By Christopher Goins

Chris@marylandreporter.com

Bethesda Metro escalators

Bethesda Metro escalators (Photo by ehpien on flickr)

A visibly skeptical and hesitant Comptroller Peter Franchot ultimately sided with the governor and treasurer on the Board of Public Works and approved $2.3 million of funding that went to the “fabled long-awaited” South Entrance to the Bethesda Metro station, as he put it. The entrance would connect the end of the proposed Purple Line to the Red Line.

The money towards the long put-off project was a part of $21 million approved for additional spending on seven active Maryland Transit Administration contracts in a Board of Public Works meeting Wednesday. It extends each contract by 18 months, including three contracts that collectively sent millions towards the Montgomery County Metro project.

Franchot wanted to make sure the contracts were “managed properly” and that the state is not “simply spending dollars because there are some hungry consultants out there.”

He noted that the proposed South Entrance to the Bethesda Metro station was discussed for years when he chaired a transportation subcommittee in the Maryland House of Delegates, prior to taking office as comptroller in 2007.

“Let me know if the south entrance ever gets built,” said Comptroller Peter Franchot

“I’ve been hearing and reading about studies on this south entrance for I want to say years,” he said. “It might be a decade,” adding that WMATA released a detailed analysis of the proposed entrance back in 2005.

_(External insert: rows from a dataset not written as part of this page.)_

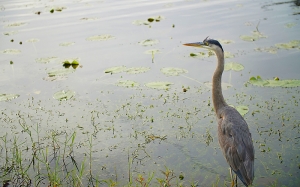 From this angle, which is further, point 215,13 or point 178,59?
point 215,13

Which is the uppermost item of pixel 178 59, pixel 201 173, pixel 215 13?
pixel 215 13

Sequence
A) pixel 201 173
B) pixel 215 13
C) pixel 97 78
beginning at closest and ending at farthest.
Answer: pixel 201 173, pixel 97 78, pixel 215 13

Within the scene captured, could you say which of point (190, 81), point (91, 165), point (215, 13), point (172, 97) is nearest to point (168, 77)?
point (190, 81)

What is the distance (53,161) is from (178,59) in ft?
10.3

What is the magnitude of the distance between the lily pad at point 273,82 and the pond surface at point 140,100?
0.23ft

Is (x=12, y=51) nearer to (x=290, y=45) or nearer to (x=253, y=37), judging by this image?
(x=253, y=37)

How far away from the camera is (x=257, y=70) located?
5.13 m

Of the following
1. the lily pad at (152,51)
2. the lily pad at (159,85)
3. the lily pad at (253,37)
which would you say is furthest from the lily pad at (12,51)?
the lily pad at (253,37)

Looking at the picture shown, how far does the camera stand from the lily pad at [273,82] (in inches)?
172

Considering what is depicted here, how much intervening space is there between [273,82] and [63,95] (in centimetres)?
286

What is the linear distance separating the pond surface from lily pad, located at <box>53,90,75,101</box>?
16 mm

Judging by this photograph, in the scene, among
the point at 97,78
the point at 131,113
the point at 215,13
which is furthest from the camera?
the point at 215,13

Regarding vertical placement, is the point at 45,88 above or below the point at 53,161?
above

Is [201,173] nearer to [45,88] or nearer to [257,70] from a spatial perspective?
[257,70] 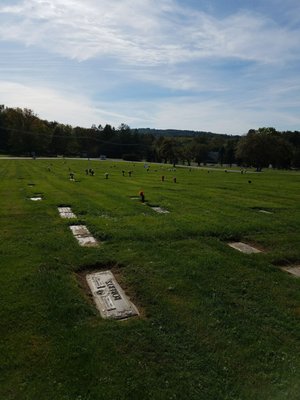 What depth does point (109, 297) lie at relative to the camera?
6.66 m

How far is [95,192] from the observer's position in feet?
68.9

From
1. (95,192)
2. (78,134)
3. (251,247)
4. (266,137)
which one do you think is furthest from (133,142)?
(251,247)

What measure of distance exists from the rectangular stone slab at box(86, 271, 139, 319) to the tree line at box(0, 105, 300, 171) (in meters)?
63.6

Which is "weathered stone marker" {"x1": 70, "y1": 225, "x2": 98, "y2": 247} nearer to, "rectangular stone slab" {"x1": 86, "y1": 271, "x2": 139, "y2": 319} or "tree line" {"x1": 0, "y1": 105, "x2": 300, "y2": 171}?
"rectangular stone slab" {"x1": 86, "y1": 271, "x2": 139, "y2": 319}

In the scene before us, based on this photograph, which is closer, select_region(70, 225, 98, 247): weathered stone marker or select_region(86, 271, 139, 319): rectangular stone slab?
select_region(86, 271, 139, 319): rectangular stone slab

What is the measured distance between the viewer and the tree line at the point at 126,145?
69275mm

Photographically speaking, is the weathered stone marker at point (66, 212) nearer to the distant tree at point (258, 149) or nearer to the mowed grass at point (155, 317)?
the mowed grass at point (155, 317)

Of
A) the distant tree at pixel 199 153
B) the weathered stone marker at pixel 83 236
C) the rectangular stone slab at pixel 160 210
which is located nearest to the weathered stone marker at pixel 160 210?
the rectangular stone slab at pixel 160 210

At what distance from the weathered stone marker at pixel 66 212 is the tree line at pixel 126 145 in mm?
56196

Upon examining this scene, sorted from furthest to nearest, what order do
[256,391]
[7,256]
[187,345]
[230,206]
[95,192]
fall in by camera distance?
[95,192] < [230,206] < [7,256] < [187,345] < [256,391]

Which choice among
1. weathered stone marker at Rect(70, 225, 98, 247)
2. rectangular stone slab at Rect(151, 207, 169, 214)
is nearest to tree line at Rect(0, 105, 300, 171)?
rectangular stone slab at Rect(151, 207, 169, 214)

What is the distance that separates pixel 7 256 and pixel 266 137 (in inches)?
2608

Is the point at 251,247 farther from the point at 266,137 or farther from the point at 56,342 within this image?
the point at 266,137

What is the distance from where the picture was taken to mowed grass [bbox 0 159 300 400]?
438 centimetres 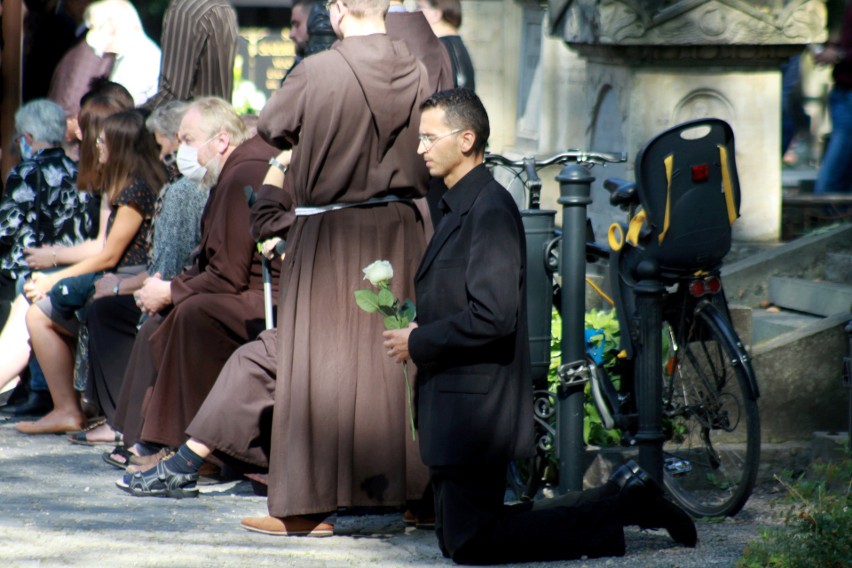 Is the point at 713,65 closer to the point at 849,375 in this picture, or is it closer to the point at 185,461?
the point at 849,375

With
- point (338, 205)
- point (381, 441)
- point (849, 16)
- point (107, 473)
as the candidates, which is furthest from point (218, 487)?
point (849, 16)

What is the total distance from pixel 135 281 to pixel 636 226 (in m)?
3.05

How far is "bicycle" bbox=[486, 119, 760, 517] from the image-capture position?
623 cm

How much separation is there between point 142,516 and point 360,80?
2.00m

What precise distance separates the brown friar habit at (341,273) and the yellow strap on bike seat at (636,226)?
0.90 metres

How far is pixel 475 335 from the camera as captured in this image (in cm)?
535

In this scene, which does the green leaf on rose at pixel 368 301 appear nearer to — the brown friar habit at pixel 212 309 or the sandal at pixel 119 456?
the brown friar habit at pixel 212 309

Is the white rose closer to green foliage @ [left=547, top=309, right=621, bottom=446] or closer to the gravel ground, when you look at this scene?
the gravel ground

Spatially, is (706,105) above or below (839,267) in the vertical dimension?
above

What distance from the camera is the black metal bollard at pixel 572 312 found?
6230mm

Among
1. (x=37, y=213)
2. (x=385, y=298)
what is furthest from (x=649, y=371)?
(x=37, y=213)

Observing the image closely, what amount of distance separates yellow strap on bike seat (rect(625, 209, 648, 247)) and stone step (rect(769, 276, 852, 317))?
5.35 ft

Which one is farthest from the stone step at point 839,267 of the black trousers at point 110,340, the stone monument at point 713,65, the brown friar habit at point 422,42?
the black trousers at point 110,340

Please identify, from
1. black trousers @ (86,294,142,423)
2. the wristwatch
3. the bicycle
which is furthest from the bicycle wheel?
black trousers @ (86,294,142,423) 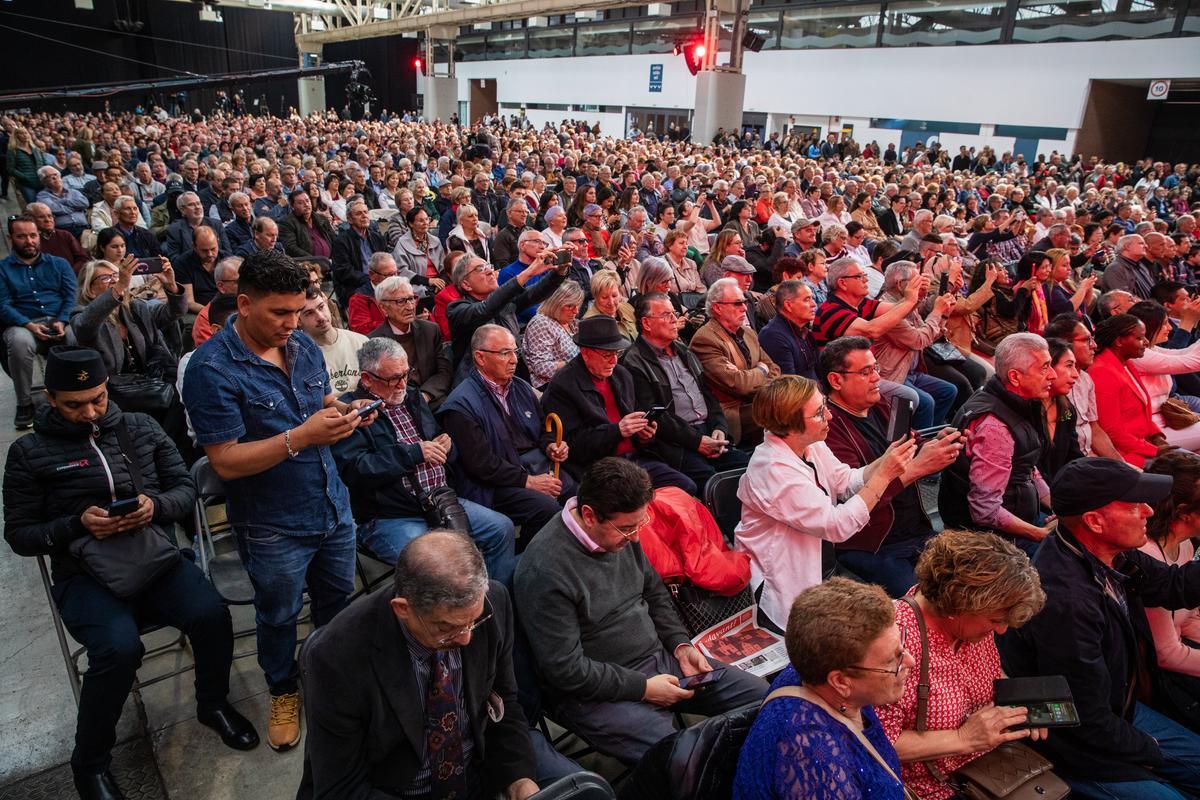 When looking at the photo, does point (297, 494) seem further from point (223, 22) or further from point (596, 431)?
point (223, 22)

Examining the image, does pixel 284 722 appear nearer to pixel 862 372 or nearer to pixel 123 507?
pixel 123 507

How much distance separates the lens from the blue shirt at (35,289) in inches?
191

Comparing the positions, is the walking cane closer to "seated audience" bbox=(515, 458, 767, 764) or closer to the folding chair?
"seated audience" bbox=(515, 458, 767, 764)

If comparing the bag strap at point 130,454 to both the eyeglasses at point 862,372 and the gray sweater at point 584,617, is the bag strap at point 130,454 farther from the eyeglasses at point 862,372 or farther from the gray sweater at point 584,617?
the eyeglasses at point 862,372

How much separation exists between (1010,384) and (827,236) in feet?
11.8

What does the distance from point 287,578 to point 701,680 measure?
4.67 ft

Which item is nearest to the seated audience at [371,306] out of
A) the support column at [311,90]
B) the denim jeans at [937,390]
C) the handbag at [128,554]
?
the handbag at [128,554]

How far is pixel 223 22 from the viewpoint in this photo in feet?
117

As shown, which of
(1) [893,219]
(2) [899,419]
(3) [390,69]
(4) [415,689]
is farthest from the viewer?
(3) [390,69]

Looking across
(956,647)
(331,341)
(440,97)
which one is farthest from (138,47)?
(956,647)

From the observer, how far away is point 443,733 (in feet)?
6.00

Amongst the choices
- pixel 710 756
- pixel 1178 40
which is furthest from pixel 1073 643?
pixel 1178 40

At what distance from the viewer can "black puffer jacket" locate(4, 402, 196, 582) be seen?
224 centimetres

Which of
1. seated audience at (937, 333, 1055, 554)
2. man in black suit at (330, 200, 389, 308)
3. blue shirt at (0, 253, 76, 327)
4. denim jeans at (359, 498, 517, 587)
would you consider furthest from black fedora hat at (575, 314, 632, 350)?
blue shirt at (0, 253, 76, 327) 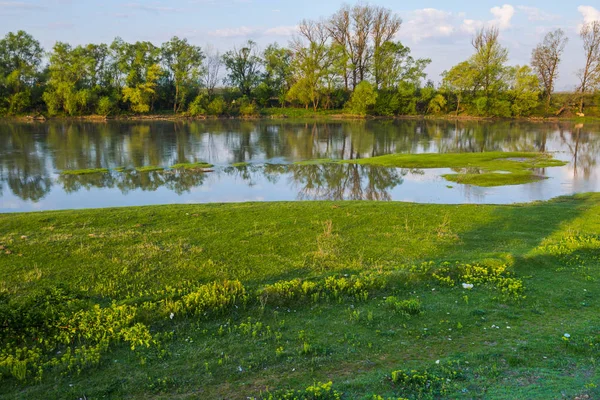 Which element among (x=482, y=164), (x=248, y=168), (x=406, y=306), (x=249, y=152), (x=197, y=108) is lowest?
(x=406, y=306)

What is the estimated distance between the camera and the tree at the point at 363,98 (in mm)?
75625

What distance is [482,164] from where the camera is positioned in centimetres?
3094

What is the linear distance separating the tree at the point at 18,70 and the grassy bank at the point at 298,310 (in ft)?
215

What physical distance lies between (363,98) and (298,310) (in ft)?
235

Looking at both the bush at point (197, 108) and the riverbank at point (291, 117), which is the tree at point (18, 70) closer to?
the riverbank at point (291, 117)

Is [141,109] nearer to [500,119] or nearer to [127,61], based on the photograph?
[127,61]

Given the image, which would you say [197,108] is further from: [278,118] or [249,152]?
[249,152]

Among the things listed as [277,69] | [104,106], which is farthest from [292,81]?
[104,106]

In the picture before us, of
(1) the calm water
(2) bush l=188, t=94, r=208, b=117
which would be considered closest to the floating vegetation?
(1) the calm water

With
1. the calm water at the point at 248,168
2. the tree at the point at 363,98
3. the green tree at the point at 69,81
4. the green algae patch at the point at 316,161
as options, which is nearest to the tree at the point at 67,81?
the green tree at the point at 69,81

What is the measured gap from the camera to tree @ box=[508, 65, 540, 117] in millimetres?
73875

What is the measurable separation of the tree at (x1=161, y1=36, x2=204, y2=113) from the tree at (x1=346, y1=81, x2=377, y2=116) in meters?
28.0

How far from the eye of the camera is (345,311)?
768 centimetres

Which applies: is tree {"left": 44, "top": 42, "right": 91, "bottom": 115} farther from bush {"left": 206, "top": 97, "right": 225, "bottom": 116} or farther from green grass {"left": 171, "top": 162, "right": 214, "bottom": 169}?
green grass {"left": 171, "top": 162, "right": 214, "bottom": 169} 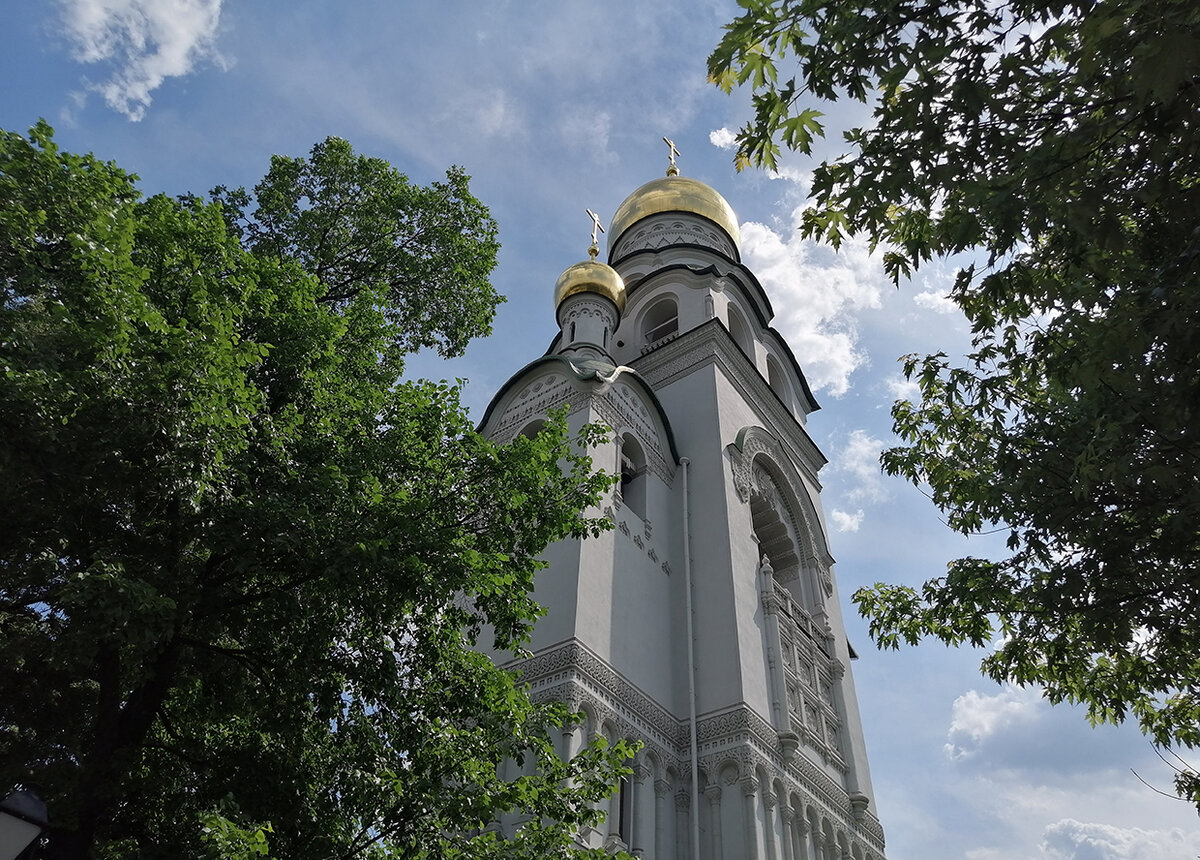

State money to pay for engineering, county funding construction

Henry Kay, MTA executive director of transit development and delivery, said that the BPW money will pay for the MTA will do the engineering for the entrance, and the county will pay for the construction of the entrance. On its website, the Action Committee for Transit, a Montgomery County transit advocacy group, states construction is slated to begin in 2016.

Transportation Secretary James Smith assured Franchot that funding would not be spent on redundant and wasteful studies.

The extension of contracts will help with projects the contractors have underway and “new project tasks throughout the final design of the contract for the MTA’s Office of Facilities Engineering, ADA and Sustainability Division,” according to the agency’s remarks in the agenda.

“Let me know if the south entrance ever gets built,” Franchot said moments before the board moved to approve the contracts.

Rummel, Klepper & Kahl, LLP; Whitman, Requardt & Associates, LLP; and Parsons Brinckerhoff, Inc., all of Baltimore, will be working on projects related to the Bethesda Metro south entrance.